Artículo aperecido originalmente en Paseo de Gracia.
Como hemos estado viendo en anteriores artículos, el ser humano, como ser social, tiene la necesidad de apoyo y pertenencia. De hecho, al nacer incompletos, requerimos del contacto y cuidado de otros para crecer, estimular nuestras capacidades, desarrollar la autoestima y la confianza, aprender a socializar, etc. Este es el papel que desempeña el sistema familiar, sea cual sea su estructura (monoparental, homoparental, de convivencia, etc.), y que tanto nos influye. Porque lo cierto es que nos influye, para bien y para mal.
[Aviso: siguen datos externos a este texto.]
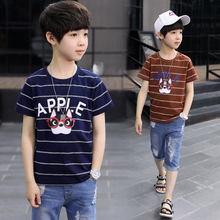 Bộ đồ bé trai mùa hè 2018 phiên bản Hàn Quốc của bộ phim hoạt hình ngắn tay kẻ sọc quần short denim thiết lập hai bộ thủy triều Bộ đồ trẻ em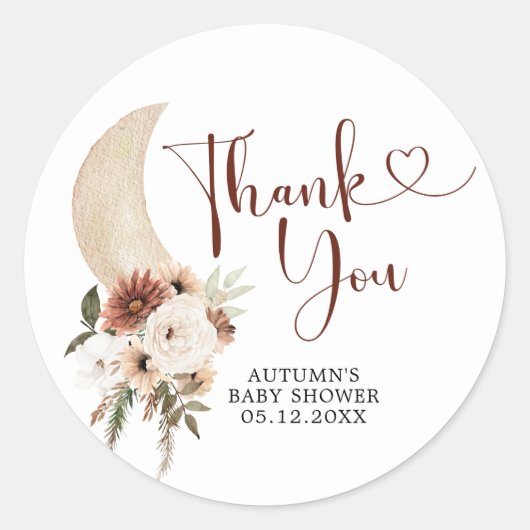 Boho Beige Moon Baby shower Dank u Sticker (Voorkant)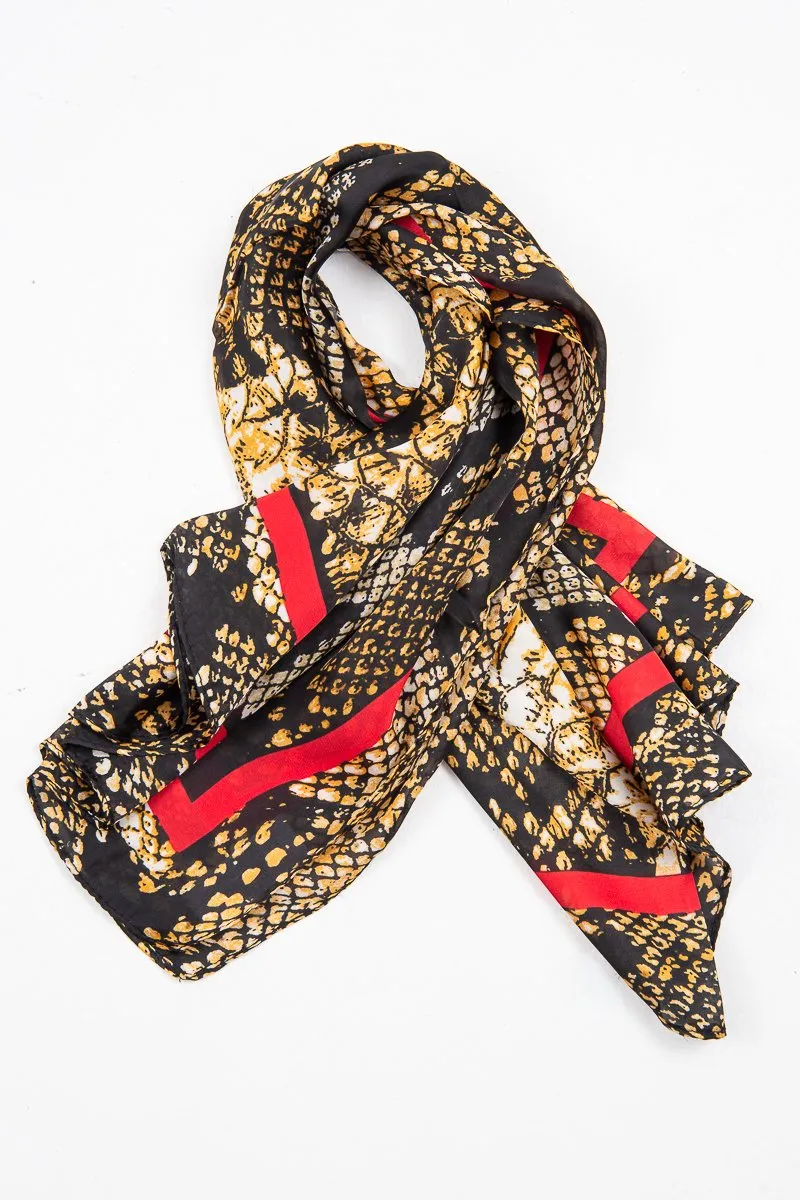 Brown Red Snake Print Chiffon Scarf - Carris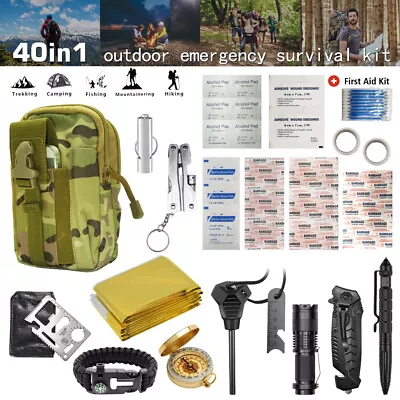 40 IN 1 Survival Kit Outdoor Hunting Camping Emergency Gear EDC First Aid Tools • $32.99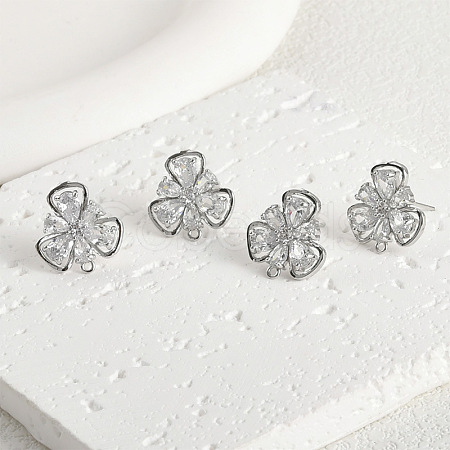 Brass Micro Pave Cubic Zirconia Stud Earring Findings KK-Z094-09P-1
Aterrizamos en una familia que nos pre-existe, donde se dan unas dinámicas y no otras. Quiero insistir en el estado de absoluta dependencia y vulnerabilidad en el que nacemos. Somos como un trozo de plastilina en manos de otros. El ambiente al que llegamos nos deja improntas: cómo nos acogen, cómo está a nivel personal la pareja que son nuestros padres, cómo se relacionan entre ellos, todo nos impacta porque de un modo u otro lo captamos. Dado que el raciocinio, la memoria y la conciencia todavía no están desarrollados, somos básicamente cuerpo y éste absorve como una esponja, todo lo que ocurre. Parece ser que es de suma importancia para el desarrollo del recién nacido, el contacto físico. Vale la pena recordar que somos una sociedad que tiene reglas implícitas respecto al contacto físico: anteponemos una cierta distancia física y, generalizando, nos tocamos poco, entendiendo el tocar como un contacto desde el respeto y la ternura.
Recuerdo una psicóloga que en un curso nos contaba el caso de un niño de 4 años que llegó al centro de atención en el que trabajaba, prácticamente convertido en un psicópata. ¿Qué vive una persona para que a los 4 años ya sea considerado casi un psicópata?